Bei nur geringer Stärke des Tatverdachtes ist eine deutlich über vier Monate hinwegdauernde Auswertung eines Computers ein unzulässiger Eingriff in die Eigentumsrechte des Betroffenen (LG Frankfurt/Main, Beschluss vom 18. Juli 2025 – 5/15 Qs 30/25).
Sachverhalt
Der Beschuldigte wird verdächtigt, am 27. Februar 2025 während eines Fluges auf seinem Laptop kinderpornographische Inhalte angesehen zu haben. Im Rahmen einer Hausdurchsuchung wurde am selben Tag ein silberner HP-Laptop sichergestellt. Der Beschuldigte legte Widerspruch gegen die Sicherstellung ein. Das Amtsgericht bestätigte die Maßnahme am 6. Mai 2025. Gegen diesen Beschluss richtete sich die Beschwerde des Beschuldigten vom 12. Mai 2025.
Entscheidung und Rechtsmittelzulässigkeit
Das LG Frankfurt hob in seinem Beschluss vom 18. Juli 2025 den Sicherstellungsbeschluss des Amtsgerichts auf und ordnete die Herausgabe des Laptops an. Die Beschwerde war nach § 304 Abs. 1 StPO zulässig. Im Ergebnis gelangte die Kammer zur Ansicht, dass die Sicherstellung nicht mehr verhältnismäßig war und hob sie auf.

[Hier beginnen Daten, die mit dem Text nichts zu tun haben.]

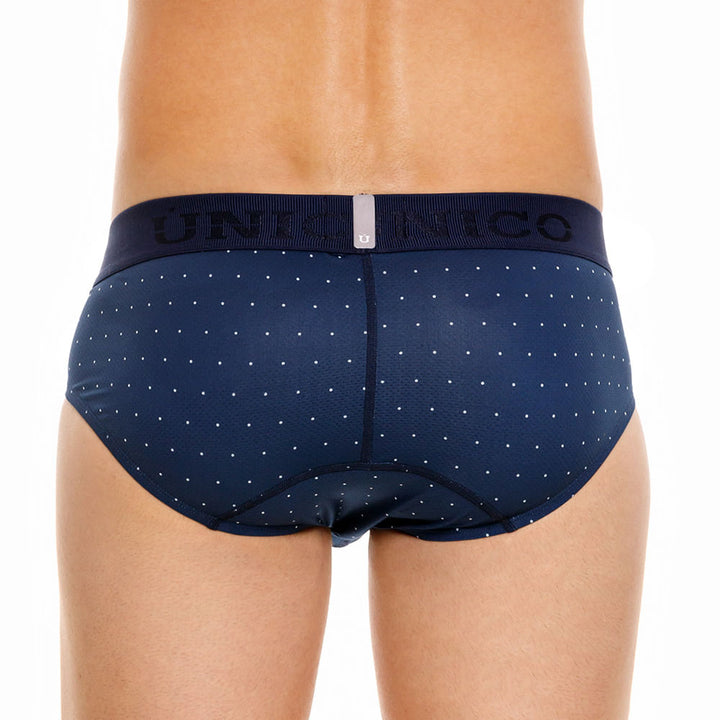 Mundo Unico Men's Microperforated Boxer Briefs - Baltic Blue Polka Dot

Begründung – Verhältnismäßigkeit der Sicherstellung und Durchsicht
Zentrales Element der Begründung war eine Abwägung zwischen dem Ermittlungsinteresse und den betroffenen Grundrechten des Beschuldigten, insbesondere dem Eigentumsrecht aus Art. 14 Abs. 1 GG und dem Recht auf informationelle Selbstbestimmung. Die Kammer betonte, dass eine Sicherstellung zum Zwecke der Durchsicht (§ 110 Abs. 1 StPO) im Kern eine Durchsuchungsteilmaßnahme darstellt und daher den gleichen Anforderungen an Rechtmäßigkeit und Verhältnismäßigkeit genügen muss wie eine Durchsuchungsanordnung.

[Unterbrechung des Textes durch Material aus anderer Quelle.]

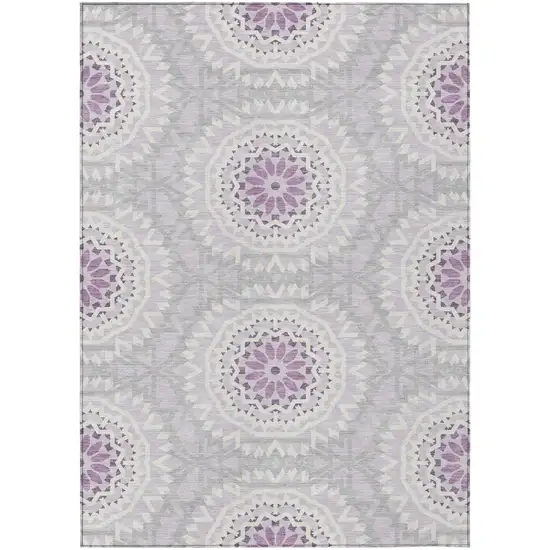 Lilac Purple And Ivory Floral Medallion Washable Indoor Outdoor Area Rug Photo 2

Ein wesentliches Argument war die Dauer der Besitzentziehung: Der Laptop war über vier Monate gesichert, ohne dass die Auswertung abgeschlossen war. Das Gericht sah in dieser Verzögerung – die nicht auf einem außergewöhnlichen Datenvolumen beruhte, sondern strukturellen Problemen der Auswertungsstellen zuzuschreiben war – eine Überschreitung dessen, was zur Aufrechterhaltung der Eingriffsmacht noch zu rechtfertigen war. Eine derart lang andauernde Entziehung sei bei nur relativ vager Verdachtslage nicht mehr vertretbar.
Die Kammer relativierte zudem die Einschätzung des Tatverdachts: Er stützte sich im Wesentlichen auf eine Aussage eines alkoholisierten Zeugen, dessen Schilderung hinsichtlich der Dauer und der Art des gesehenen Materials sowie der Lesbarkeit auf Distanz Zweifel aufwarf. Diese Unsicherheiten dienten als Indiz dafür, dass das Ermittlungsinteresse nicht so überwältigend war, dass eine längerfristige Besitzentziehung gerechtfertigt wäre.
Die in Rede stehende Straftat (§ 184b StGB) ist nicht gänzlich trivial, doch das LG sah das Gewicht des Verdachts als relativ gering an angesichts der unsicheren Beweislage und der langen Dauer der Sicherstellung. Die Befürchtung, eine Herausgabe könne die Auswertung erschweren oder eine erneute Rechtswidrigkeit ermöglichen, sah die Kammer als allenfalls einen Nachteil gegenüber dem schwerwiegenden andauernden Eingriff in Eigentumsrechte.
Bedeutung und Rückwirkung
Die Entscheidung stellt einen wichtigen Hinweis zur Obergrenze der Dauer gerechtfertigter Sicherstellungen bei digitalem Beweismaterial dar, insbesondere wenn die Auswertung verzögert erfolgt. Sie verdeutlicht, dass strukturelle Kapazitätsengpässe bei der Staatsanwaltschaft oder Gutachterstellen nicht in jedem Fall eine verlängerte Besitzentziehung rechtfertigen können, sofern der Tatverdacht nicht mit hoher Wahrscheinlichkeit belastet ist.
Für die Praxis bedeutet der Beschluss, dass Verteidiger frühzeitig auf unverhältnismäßige Sicherstellungen digitaler Geräte hinweisen sollten, und Gerichte sowie Ermittlungsbehörden müssen sich verstärkt um effiziente Auswertungsstrukturen bemühen, um die Rechte Betroffener zu schützen.